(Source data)
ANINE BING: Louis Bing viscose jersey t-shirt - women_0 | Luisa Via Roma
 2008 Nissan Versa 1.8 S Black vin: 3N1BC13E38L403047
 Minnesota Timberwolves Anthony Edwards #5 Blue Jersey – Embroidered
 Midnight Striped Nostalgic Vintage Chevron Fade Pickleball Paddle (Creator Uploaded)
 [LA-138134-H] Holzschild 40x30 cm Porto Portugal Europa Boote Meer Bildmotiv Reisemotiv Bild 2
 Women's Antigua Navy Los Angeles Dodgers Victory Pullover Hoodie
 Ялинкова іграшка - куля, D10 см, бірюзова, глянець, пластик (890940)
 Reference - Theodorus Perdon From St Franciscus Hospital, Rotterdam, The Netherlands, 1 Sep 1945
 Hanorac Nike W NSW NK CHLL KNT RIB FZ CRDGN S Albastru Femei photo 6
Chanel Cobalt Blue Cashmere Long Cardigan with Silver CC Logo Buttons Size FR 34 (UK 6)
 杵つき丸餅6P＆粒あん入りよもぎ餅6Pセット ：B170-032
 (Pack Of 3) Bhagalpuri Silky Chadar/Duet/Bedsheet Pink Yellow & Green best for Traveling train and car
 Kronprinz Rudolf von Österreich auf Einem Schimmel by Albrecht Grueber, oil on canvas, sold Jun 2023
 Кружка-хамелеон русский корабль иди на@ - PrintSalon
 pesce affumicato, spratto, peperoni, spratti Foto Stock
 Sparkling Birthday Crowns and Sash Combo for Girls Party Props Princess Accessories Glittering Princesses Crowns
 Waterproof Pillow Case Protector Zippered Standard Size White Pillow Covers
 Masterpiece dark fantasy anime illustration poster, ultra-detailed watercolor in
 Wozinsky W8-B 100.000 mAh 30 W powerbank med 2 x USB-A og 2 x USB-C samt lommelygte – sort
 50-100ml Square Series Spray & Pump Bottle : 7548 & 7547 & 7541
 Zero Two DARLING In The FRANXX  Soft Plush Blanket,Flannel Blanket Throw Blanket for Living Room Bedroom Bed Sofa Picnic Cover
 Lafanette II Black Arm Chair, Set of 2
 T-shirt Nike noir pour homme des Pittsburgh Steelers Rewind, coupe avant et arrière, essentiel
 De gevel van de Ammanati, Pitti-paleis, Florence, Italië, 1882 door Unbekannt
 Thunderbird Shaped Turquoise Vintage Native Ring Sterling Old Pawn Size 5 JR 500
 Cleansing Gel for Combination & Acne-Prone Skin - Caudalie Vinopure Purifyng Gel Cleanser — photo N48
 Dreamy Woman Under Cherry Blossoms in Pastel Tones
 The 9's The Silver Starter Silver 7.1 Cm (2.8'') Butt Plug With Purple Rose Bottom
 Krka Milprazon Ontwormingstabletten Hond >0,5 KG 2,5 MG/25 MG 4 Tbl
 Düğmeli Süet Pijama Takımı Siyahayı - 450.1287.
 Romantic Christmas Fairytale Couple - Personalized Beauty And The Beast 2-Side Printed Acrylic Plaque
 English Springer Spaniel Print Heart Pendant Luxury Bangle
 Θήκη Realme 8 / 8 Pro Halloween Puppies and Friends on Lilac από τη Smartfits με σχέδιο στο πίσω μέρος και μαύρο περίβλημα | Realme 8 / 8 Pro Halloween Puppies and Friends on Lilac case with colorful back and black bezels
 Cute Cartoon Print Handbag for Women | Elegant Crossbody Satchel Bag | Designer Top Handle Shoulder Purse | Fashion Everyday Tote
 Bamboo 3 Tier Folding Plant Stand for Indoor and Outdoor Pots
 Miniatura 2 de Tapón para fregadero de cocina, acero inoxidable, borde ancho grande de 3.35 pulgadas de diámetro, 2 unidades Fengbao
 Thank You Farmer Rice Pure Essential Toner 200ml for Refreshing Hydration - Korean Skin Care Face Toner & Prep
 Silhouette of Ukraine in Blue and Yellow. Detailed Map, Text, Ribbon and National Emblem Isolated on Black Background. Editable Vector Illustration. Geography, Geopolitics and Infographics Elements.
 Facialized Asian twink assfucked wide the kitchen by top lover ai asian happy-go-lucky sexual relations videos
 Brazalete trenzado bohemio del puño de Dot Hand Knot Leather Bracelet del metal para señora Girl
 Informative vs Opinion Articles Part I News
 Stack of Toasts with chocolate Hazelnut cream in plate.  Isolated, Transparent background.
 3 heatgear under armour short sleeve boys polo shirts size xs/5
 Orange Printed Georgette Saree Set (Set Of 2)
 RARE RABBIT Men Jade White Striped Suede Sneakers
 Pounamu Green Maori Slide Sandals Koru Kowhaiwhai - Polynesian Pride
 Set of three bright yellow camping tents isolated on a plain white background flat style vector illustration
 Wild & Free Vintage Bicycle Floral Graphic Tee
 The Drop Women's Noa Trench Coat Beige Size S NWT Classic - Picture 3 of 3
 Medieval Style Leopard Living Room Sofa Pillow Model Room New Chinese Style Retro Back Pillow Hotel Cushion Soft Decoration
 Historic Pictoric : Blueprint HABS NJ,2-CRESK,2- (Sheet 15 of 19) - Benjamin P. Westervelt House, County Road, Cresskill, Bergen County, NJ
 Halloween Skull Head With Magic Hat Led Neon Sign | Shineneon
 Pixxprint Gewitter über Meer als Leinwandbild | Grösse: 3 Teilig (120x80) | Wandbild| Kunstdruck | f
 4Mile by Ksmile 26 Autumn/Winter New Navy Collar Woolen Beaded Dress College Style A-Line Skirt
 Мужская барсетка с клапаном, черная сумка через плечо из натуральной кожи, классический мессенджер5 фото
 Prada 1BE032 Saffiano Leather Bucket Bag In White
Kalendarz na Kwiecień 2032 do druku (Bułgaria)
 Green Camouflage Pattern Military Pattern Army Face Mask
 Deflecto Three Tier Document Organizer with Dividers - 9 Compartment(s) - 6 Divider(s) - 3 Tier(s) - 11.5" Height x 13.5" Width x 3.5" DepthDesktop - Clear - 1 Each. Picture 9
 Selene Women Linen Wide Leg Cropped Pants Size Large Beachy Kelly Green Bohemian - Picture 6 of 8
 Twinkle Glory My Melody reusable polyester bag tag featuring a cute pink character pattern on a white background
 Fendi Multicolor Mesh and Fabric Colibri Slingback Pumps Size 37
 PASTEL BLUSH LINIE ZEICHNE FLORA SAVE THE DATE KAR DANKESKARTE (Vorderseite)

Task item: Search the data for the string "Skin" and copy every line where it appears.

Exercise response:
 Cleansing Gel for Combination & Acne-Prone Skin - Caudalie Vinopure Purifyng Gel Cleanser — photo N48
 Thank You Farmer Rice Pure Essential Toner 200ml for Refreshing Hydration - Korean Skin Care Face Toner & Prep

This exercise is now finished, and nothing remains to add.